Where to eat 순대 / 순댓국 (sundae / sundae-guk) in Seoul
Korea’s blood sausage comes in two registers: a comforting bowl of sundae-guk (pork-and-sundae soup) and a sizzling griddle pile of stir-fried sundae. Seoul does both exceptionally well, from a Gangnam old-money favorite to a working-market institution and the city’s legendary multi-floor sundae hall. Here are three places that locals actually trust.
- 농민백암순대 본점 (Nongmin Baegam Sundae, main branch) — Daechi-dong, Gangnam-gu, by the Seonjeongneung / Seolleung station area (Seolleung Station Exit 1, about a 6-minute walk). Routinely named among Seoul’s “top 3 sundae-guk” houses, it carries the prestige of Baegam in Yongin, Korea’s most famous sundae region. The hearty, clean-tasting sundae-guk is the order here. Expect a queue, often split between the main hall and the annex.
- 삼거리먼지막순대국 (Samgeori Meonjimak Sundae-guk) — Daerim-dong, Yeongdeungpo-gu, near the old Daerim Market (closest stop: Yeongdeungpo Market Station, Exit 3; the restaurant actually sits in front of Hallym University Kangnam Sacred Heart Hospital). Open since 1957, it is Seoul’s most historic sundae-guk shop, a designated Seoul Future Heritage and a government-recognized “Hundred-Year Shop.” A no-frills, deeply traditional bowl with about 70 years of practice behind it.
- 신림 순대타운 / 원조민속순대타운 (Sillim Sundae Town / Wonjo Minsok Sundae Town) — Sillim-dong, Gwanak-gu (Sillim Station). A landmark multi-floor food court that is basically shorthand for Seoul sundae culture. Come for the Seoul-style baek-sundae (white sundae) stir-fried with gopchang on a hot griddle — a generous, budget-friendly feast made for sharing. It’s a building full of competing stalls, so wander in and pick one.

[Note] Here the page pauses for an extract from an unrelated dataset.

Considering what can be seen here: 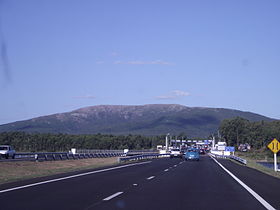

Find them on the map: 농민백암순대 본점 · 삼거리먼지막순대국 · 신림 순대타운 / 원조민속순대타운
One honest caveat: hours and closing days vary and change, and these are popular spots where lines are normal — Nongmin Baegam closes Sundays, Samgeori Meonjimak closes Tuesdays, and the Sillim stalls keep their own late-night schedules. Always confirm the day’s hours before you go, and be ready to wait at peak times.